- Task directions -
Copy, exactly as written, the lines that begin at the one containing "Bayerns Polizei beginnt" and end at the one containing "فندق Athina & Restaurant". Skip any pictures in the data below.

- Provided information -
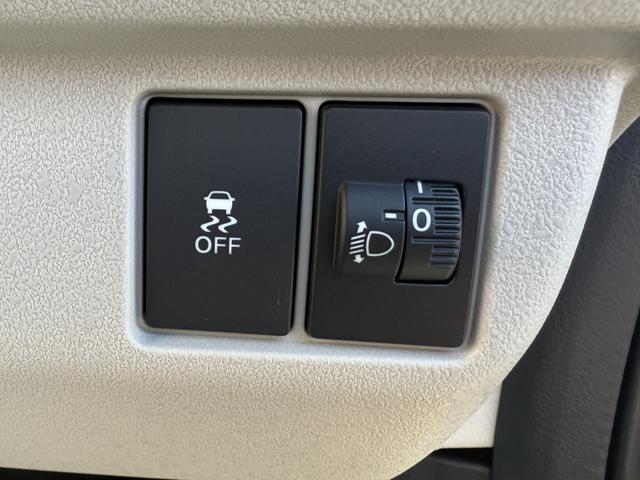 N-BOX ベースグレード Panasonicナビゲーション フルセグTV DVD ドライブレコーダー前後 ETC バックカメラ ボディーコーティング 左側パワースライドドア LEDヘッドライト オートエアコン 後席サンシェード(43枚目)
---
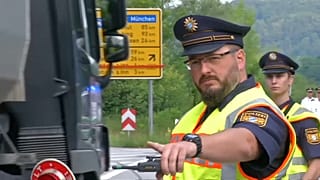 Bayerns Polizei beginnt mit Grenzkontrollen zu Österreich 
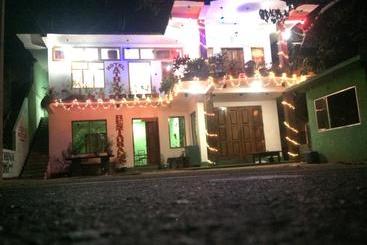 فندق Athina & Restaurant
==
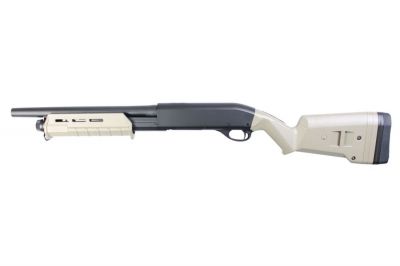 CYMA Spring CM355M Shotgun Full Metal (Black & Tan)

- Exercise answer -
 Bayerns Polizei beginnt mit Grenzkontrollen zu Österreich 
 فندق Athina & Restaurant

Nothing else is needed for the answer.